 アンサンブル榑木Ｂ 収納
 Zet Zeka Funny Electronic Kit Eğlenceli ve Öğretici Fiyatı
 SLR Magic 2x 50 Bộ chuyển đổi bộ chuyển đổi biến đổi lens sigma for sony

...

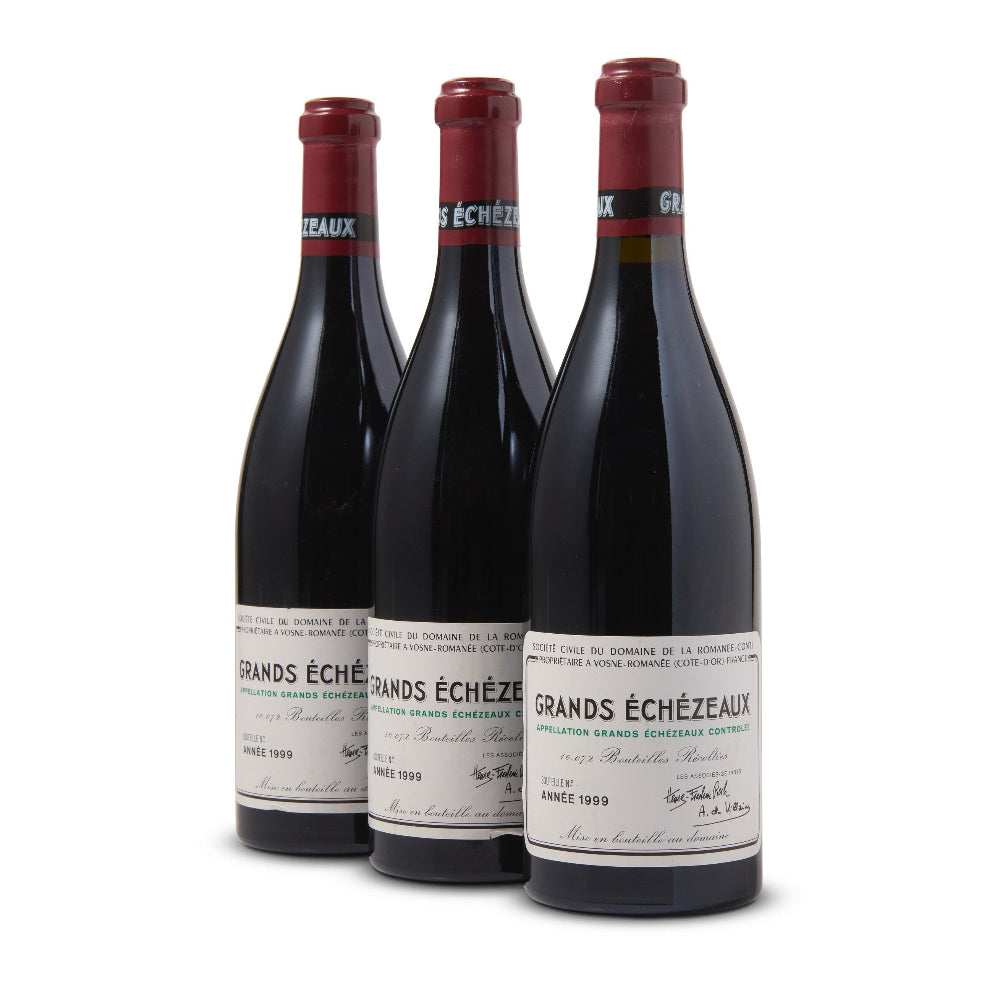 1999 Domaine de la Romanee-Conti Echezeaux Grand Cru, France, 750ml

__PROBLEM DETAILS__:
In the listing above, find the line containing "Zet Zeka Funny" and the line containing "SLR Magic 2x". Output them and every line between, exactly, and nothing else.

__RESPONSE__:
 Zet Zeka Funny Electronic Kit Eğlenceli ve Öğretici Fiyatı
 SLR Magic 2x 50 Bộ chuyển đổi bộ chuyển đổi biến đổi lens sigma for sony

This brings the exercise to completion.